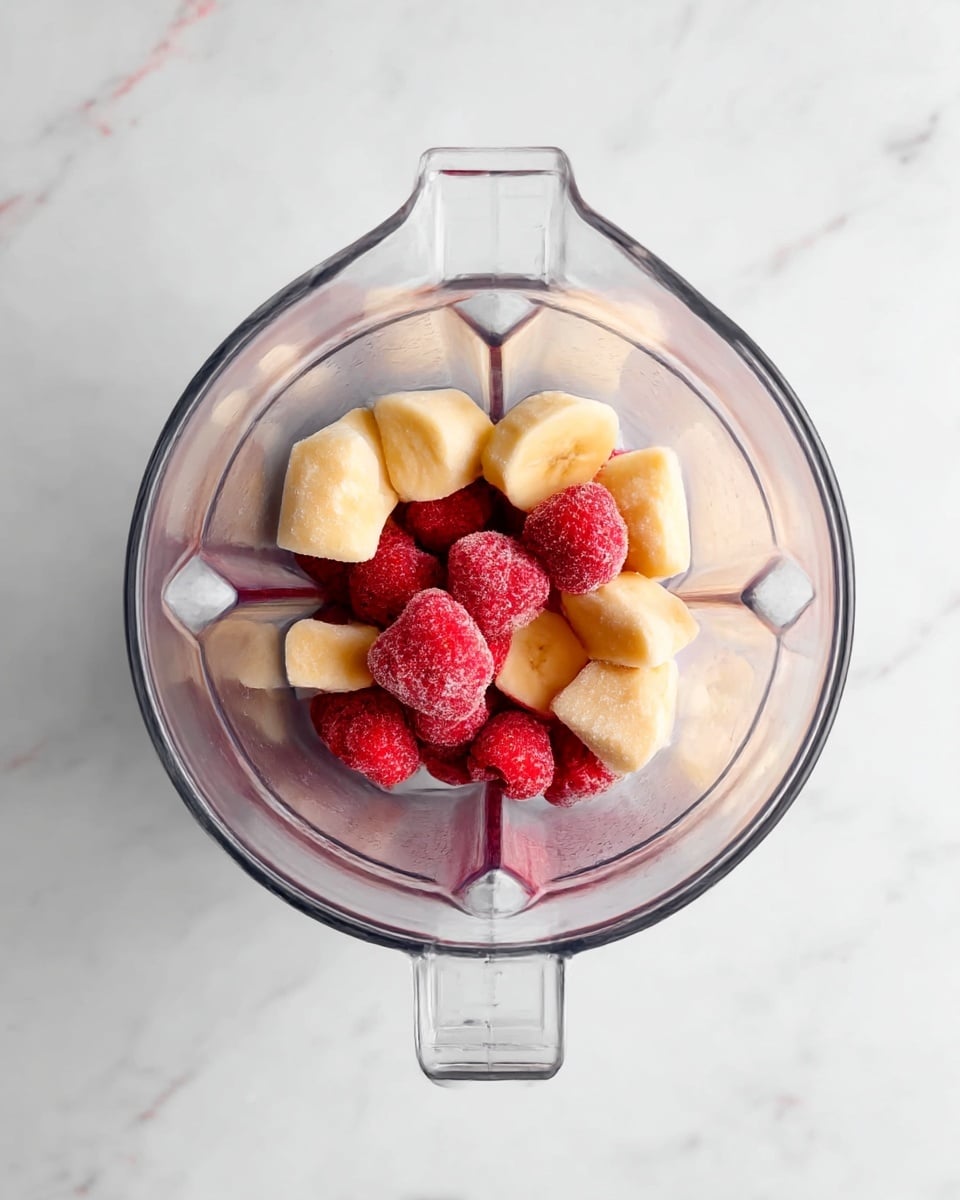The image shows a clear blender container placed on a white marbled surface, containing two layers of frozen fruit. The bottom layer has several chunky slices of pale yellow frozen banana, while the top layer consists of whole frozen strawberries with a bright red color and icy texture. The fruits fill the center of the blender container, with the clear sides and handle visible from above. photo taken with an iphone --ar 4:5 --v 7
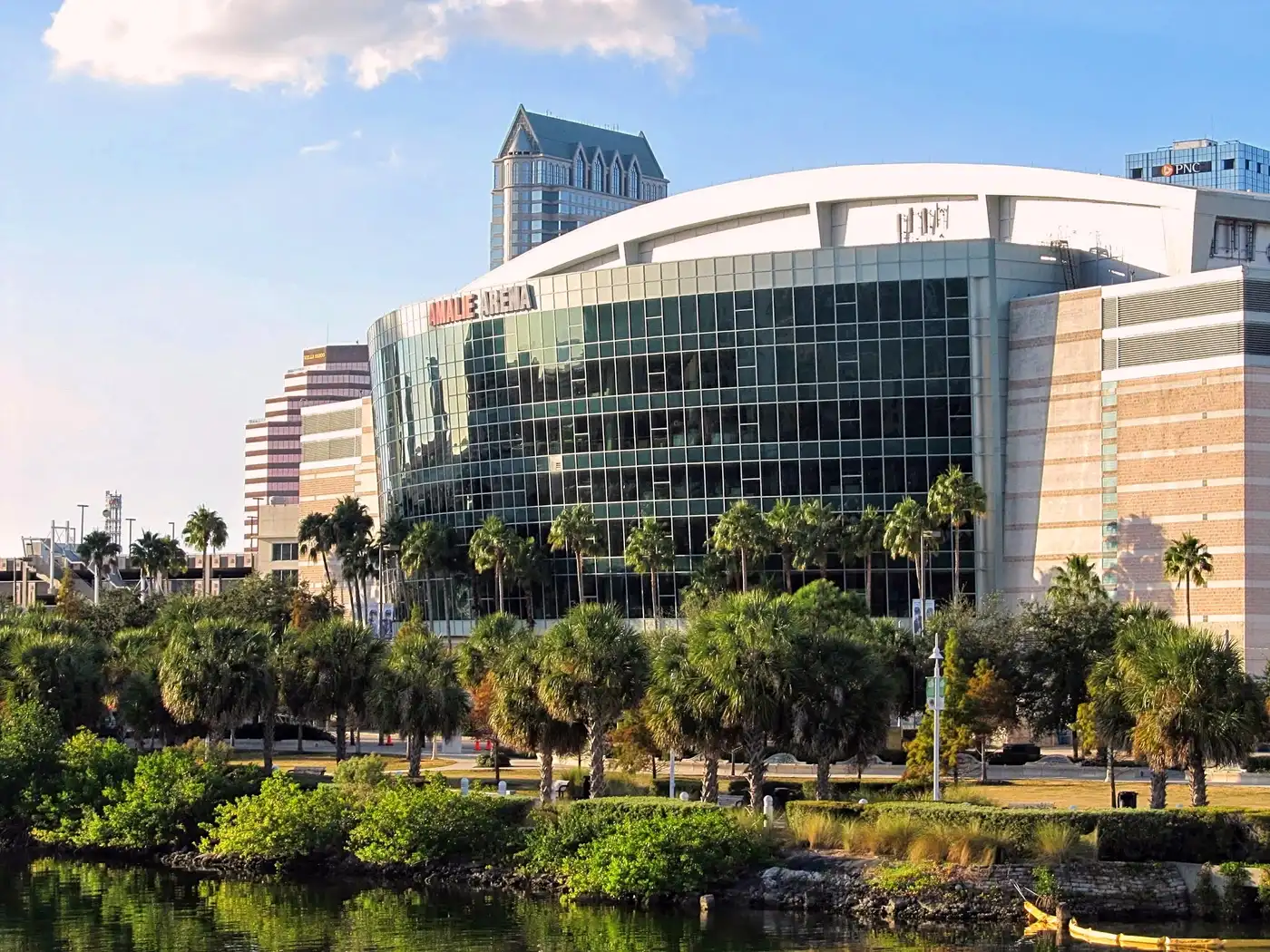 The Lightning's downtown Tampa arena on the waterfront, still signed Amalie Arena, with palm trees along the water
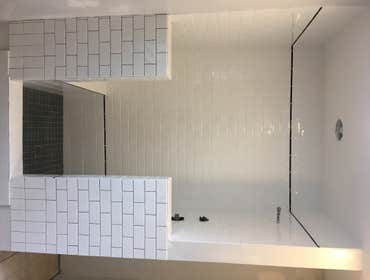 Walk in showers fully tiled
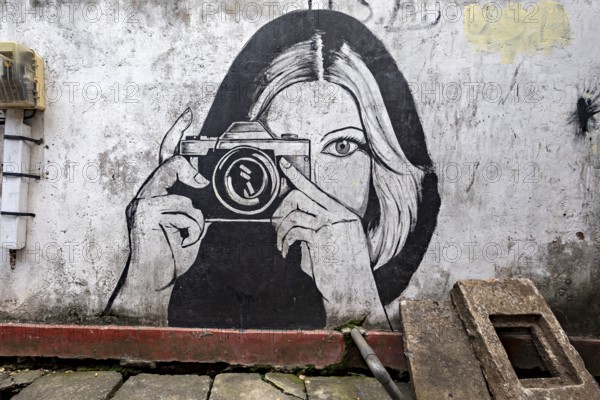 Black and white wall painting of a woman with camera in an urban environment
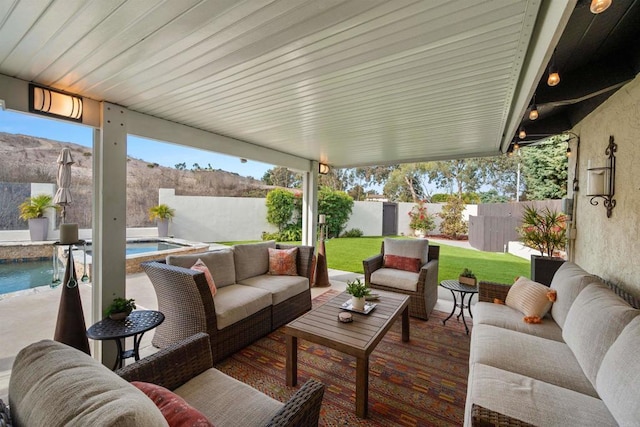 view of patio with an outdoor living space, a mountain view, and a fenced in pool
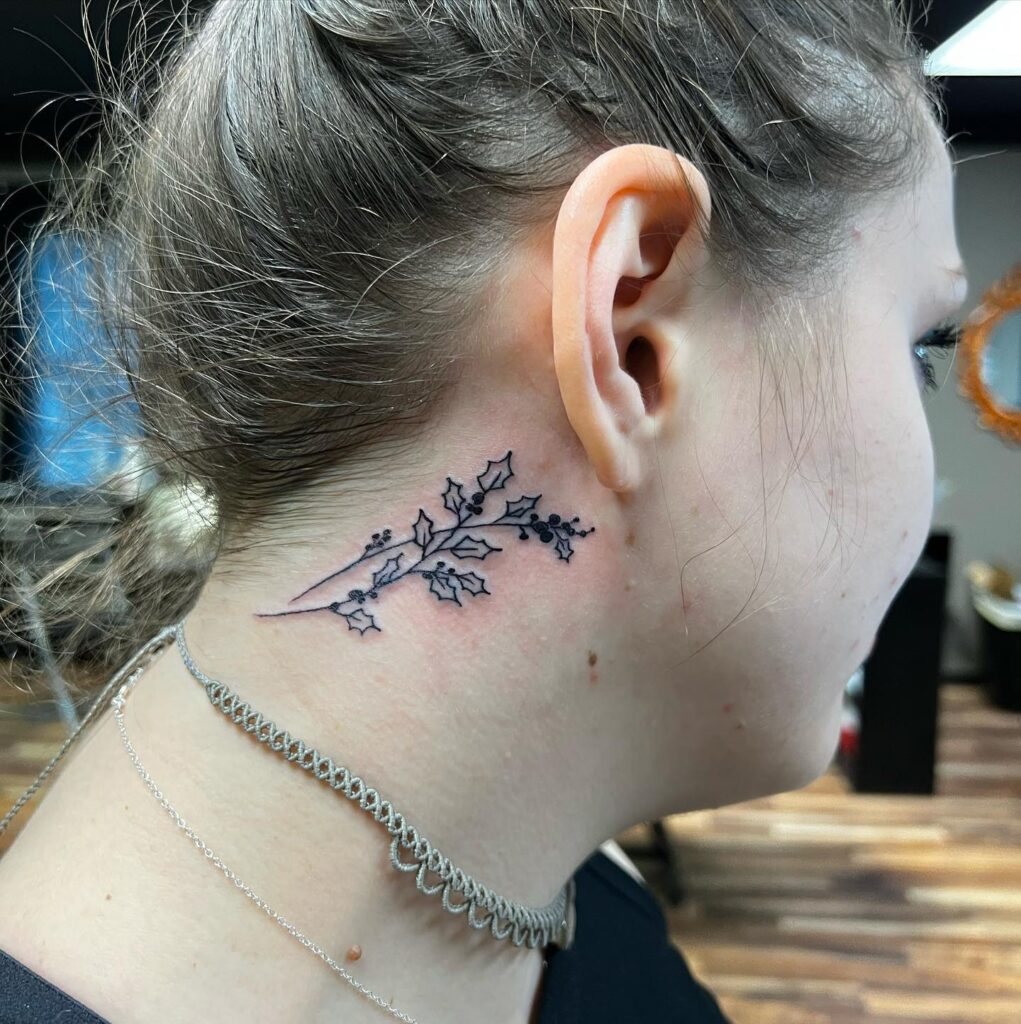 Behind-the-Ear Holly Sprig Tattoo december birth flower tattoo ideas tattoo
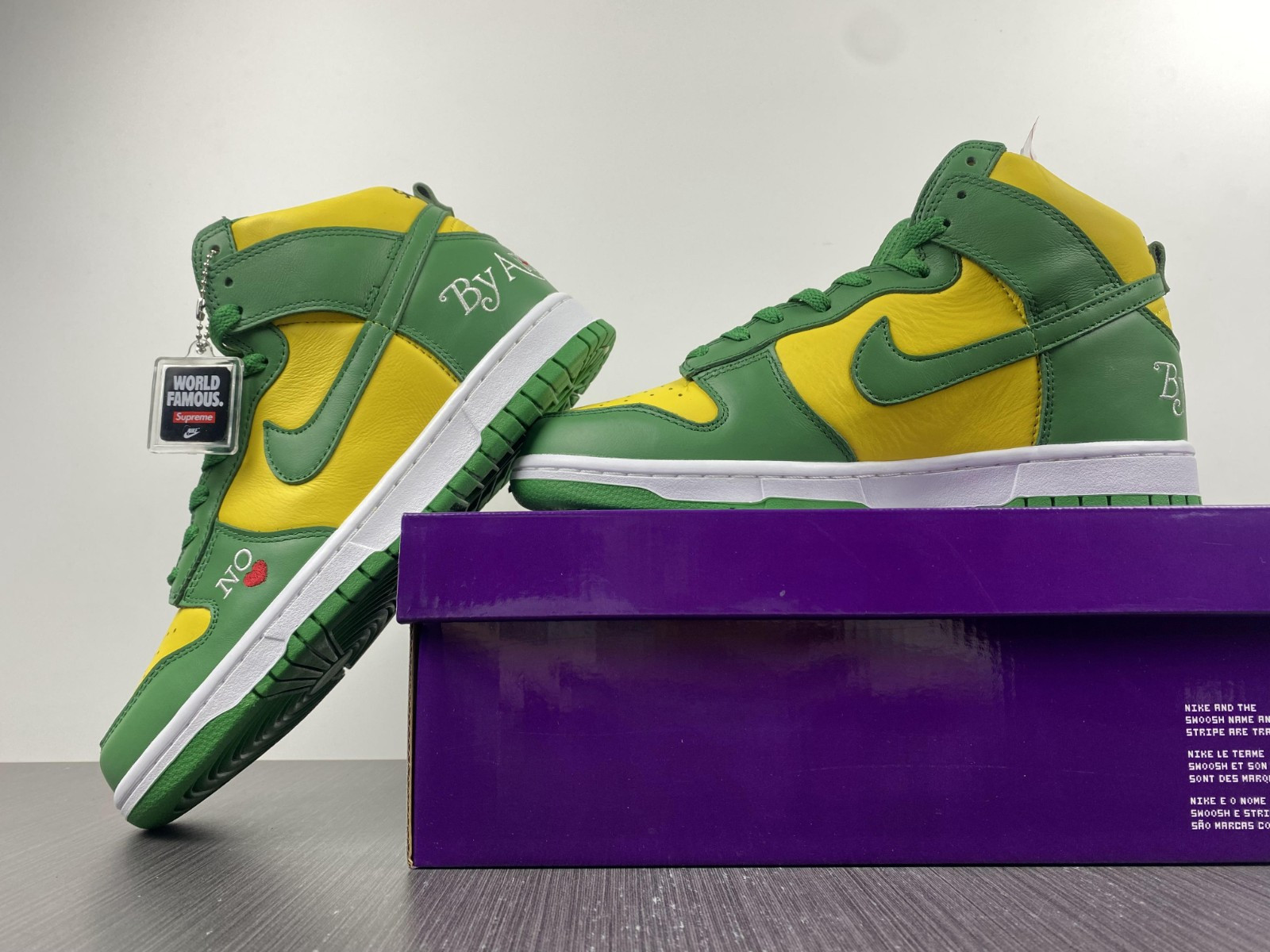 Supreme x Nike SB Dunk High “By Any Means” DN3741-700
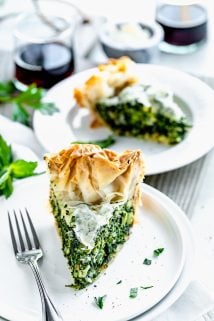Slice of spinach feta filo pie on a circular white plate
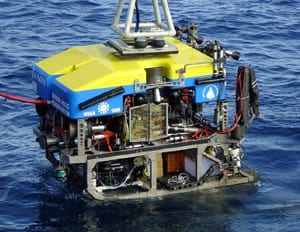 A traction winch lowers Jason into the water during sea trials in 2002. The red tether at left will remain attached during the entire dive, supplying power and relaying data between Jason and the ship. (photo courtesy Dan Fornari, WHOI)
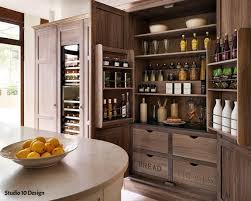Stick to the basics with one in white or acacia wood. 2 Storage In A Kitchen Tall Cabinets Seasonal Leaf Interior Design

■ Task to carry out
Word for word, give again the lines from the line holding "Behind-the-Ear Holly Sprig" through the last line of the material, both included; pictures are not part of the copy.

■ Solution for this problem
 Behind-the-Ear Holly Sprig Tattoo december birth flower tattoo ideas tattoo
 Supreme x Nike SB Dunk High “By Any Means” DN3741-700
Slice of spinach feta filo pie on a circular white plate
 A traction winch lowers Jason into the water during sea trials in 2002. The red tether at left will remain attached during the entire dive, supplying power and relaying data between Jason and the ship. (photo courtesy Dan Fornari, WHOI)
Stick to the basics with one in white or acacia wood. 2 Storage In A Kitchen Tall Cabinets Seasonal Leaf Interior Design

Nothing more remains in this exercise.